DATA RECORDS —
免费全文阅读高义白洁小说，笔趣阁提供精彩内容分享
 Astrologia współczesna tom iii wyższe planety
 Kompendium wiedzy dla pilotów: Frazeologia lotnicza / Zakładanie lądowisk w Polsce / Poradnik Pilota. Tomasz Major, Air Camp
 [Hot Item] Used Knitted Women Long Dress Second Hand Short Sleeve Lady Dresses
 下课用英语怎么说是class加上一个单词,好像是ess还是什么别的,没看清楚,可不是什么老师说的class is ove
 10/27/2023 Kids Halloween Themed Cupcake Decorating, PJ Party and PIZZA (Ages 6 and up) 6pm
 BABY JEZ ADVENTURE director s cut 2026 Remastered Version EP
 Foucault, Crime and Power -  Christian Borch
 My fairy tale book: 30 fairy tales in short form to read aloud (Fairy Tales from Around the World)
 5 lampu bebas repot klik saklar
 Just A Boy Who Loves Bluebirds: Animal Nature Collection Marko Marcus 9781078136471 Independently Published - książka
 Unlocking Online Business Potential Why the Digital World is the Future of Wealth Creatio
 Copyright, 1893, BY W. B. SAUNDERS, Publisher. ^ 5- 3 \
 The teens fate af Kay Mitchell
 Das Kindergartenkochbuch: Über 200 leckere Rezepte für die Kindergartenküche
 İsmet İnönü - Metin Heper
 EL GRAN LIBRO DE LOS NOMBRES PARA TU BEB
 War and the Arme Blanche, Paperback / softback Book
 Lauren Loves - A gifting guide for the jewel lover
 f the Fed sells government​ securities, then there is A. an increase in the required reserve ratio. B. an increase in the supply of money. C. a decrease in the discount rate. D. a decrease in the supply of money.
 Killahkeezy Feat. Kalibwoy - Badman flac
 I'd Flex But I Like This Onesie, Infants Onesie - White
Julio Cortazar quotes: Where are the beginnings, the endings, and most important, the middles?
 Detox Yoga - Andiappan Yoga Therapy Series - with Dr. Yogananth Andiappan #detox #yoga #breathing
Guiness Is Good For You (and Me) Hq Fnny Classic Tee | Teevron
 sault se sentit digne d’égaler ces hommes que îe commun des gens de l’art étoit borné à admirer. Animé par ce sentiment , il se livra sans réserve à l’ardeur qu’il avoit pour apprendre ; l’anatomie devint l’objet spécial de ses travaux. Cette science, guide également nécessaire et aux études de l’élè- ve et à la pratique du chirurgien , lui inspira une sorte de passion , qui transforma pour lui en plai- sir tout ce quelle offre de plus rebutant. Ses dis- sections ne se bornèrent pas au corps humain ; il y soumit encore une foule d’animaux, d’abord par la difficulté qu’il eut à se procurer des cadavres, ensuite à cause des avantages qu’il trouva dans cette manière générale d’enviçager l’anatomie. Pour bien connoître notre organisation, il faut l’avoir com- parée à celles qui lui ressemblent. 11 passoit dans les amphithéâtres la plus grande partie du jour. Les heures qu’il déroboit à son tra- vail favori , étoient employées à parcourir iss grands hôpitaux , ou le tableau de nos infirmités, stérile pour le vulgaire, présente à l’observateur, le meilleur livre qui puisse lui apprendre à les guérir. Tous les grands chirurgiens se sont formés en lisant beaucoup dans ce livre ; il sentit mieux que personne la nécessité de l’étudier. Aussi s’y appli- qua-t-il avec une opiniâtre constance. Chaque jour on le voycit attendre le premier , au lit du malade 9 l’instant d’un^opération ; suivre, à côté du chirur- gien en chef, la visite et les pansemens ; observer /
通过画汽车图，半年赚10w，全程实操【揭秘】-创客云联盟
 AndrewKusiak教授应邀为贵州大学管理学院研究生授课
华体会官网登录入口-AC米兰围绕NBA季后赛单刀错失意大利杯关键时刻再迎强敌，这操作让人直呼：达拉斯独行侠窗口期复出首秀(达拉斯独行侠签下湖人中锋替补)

WHAT TO DO — Return a word-for-word copy of the lines above from the one holding "Astrologia współczesna tom" through the one holding "Just A Boy Who", with both of them included and nothing besides.

RESULT —
 Astrologia współczesna tom iii wyższe planety
 Kompendium wiedzy dla pilotów: Frazeologia lotnicza / Zakładanie lądowisk w Polsce / Poradnik Pilota. Tomasz Major, Air Camp
 [Hot Item] Used Knitted Women Long Dress Second Hand Short Sleeve Lady Dresses
 下课用英语怎么说是class加上一个单词,好像是ess还是什么别的,没看清楚,可不是什么老师说的class is ove
 10/27/2023 Kids Halloween Themed Cupcake Decorating, PJ Party and PIZZA (Ages 6 and up) 6pm
 BABY JEZ ADVENTURE director s cut 2026 Remastered Version EP
 Foucault, Crime and Power -  Christian Borch
 My fairy tale book: 30 fairy tales in short form to read aloud (Fairy Tales from Around the World)
 5 lampu bebas repot klik saklar
 Just A Boy Who Loves Bluebirds: Animal Nature Collection Marko Marcus 9781078136471 Independently Published - książka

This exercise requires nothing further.